Wong Kwok-kin, chairman of the Federation of Trade Unions - a rival union to the CTU - which is holding exclusive talks with employers, feared the strong stance of the workers may endanger negotiations expected to be held later this week.


'We heard some bar benders softened their stance at the meeting, while others said Nepalese workers should be paid the same rate as locals, and regular workers should receive the same increment as casual workers,' Mr Wong said. 'Employers may be scared by these additional demands.'


But CTU general secretary and lawmaker Lee Cheuk-yan said the workers' true stance could be gauged by results of a questionnaire completed by the striking workers at yesterday's meeting and that Mr Wong's interpretation of the workers' opinions was mere conjecture.


A spokesman from the Hong Kong Construction Association refused to assess the damage to the industry caused by the strike, but said more workers had returned to work in the past week. He said the association had not heard of any developer claiming losses against contractors because of the strike, which enters its 21st day today .


Government figures showed that as of Monday, 932 bar benders were working, compared with 600 a week ago.


The spokesman said an eight-hour day was not something contractors could easily agree upon because it affected construction deadlines.

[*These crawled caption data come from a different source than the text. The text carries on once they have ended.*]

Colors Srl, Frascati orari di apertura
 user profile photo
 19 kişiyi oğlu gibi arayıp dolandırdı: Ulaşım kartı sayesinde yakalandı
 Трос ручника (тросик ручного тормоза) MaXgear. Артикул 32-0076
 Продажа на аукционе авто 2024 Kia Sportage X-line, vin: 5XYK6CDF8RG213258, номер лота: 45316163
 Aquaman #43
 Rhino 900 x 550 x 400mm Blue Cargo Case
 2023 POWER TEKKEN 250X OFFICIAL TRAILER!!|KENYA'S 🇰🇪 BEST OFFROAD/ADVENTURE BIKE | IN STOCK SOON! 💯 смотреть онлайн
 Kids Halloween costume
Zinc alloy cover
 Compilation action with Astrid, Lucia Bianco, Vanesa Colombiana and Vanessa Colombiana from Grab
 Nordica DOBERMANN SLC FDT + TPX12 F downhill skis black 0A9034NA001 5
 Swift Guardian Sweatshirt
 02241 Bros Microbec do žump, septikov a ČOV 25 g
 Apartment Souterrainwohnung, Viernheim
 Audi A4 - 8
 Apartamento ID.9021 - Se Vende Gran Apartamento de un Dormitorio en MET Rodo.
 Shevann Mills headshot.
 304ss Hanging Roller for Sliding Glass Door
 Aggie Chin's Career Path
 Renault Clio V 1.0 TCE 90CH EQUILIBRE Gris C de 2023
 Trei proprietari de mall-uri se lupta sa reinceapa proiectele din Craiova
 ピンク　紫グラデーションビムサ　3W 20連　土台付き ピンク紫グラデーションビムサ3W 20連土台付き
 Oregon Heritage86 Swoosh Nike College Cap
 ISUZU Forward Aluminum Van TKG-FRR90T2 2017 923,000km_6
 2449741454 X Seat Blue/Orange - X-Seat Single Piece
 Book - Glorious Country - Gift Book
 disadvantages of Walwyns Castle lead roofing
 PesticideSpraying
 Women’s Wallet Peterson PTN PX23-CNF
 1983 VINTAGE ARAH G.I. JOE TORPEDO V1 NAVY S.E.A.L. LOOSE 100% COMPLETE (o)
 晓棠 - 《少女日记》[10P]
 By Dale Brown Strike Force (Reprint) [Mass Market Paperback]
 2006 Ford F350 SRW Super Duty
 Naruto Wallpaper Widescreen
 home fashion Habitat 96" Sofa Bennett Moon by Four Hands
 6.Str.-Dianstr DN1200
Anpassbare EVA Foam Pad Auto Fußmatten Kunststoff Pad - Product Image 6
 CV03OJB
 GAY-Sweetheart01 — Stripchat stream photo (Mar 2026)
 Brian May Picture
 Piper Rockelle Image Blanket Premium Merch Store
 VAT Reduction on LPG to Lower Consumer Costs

'The construction of blocks involves a sequence of repetitive tasks, and workers are allowed to work only within the 12 hours after 7am,' he said. 'If the bar benders leave before they finish their work for the day, we don't simply lose 15 minutes, but also the rest of that day, because other specialists cannot begin their work.'


But Poon Man-hon, organising secretary of the CTU, said an eight-hour schedule was the norm in earlier years, before employers extended it without the unions' consent.


'The employers only calculate losses incurred by delays in projects,' Mr Poon said. 'Have they ever considered losses incurred by workers' injuries inflicted by exhaustion and overwork?'


Meanwhile, developers and contractors would not say whether some of them had agreed to increase the bar benders' daily wage to HK$950 before the end of their contracts.


A source familiar with the dispute told the South China Morning Post on Monday that several developers - including Sun Hung Kai Properties, which has 10 sites under construction - were paying workers directly their desired daily wage of HK$950, bypassing the contractors.


An executive for a top developer said this could be done by simply adding a clause in the developer's contract with the contractor - whose budget and expenses remained unaffected by the change, as long as the developers were willing to pay more than they had previously agreed.


But she said such a move could set a bad precedent in similar wage disputes in the future.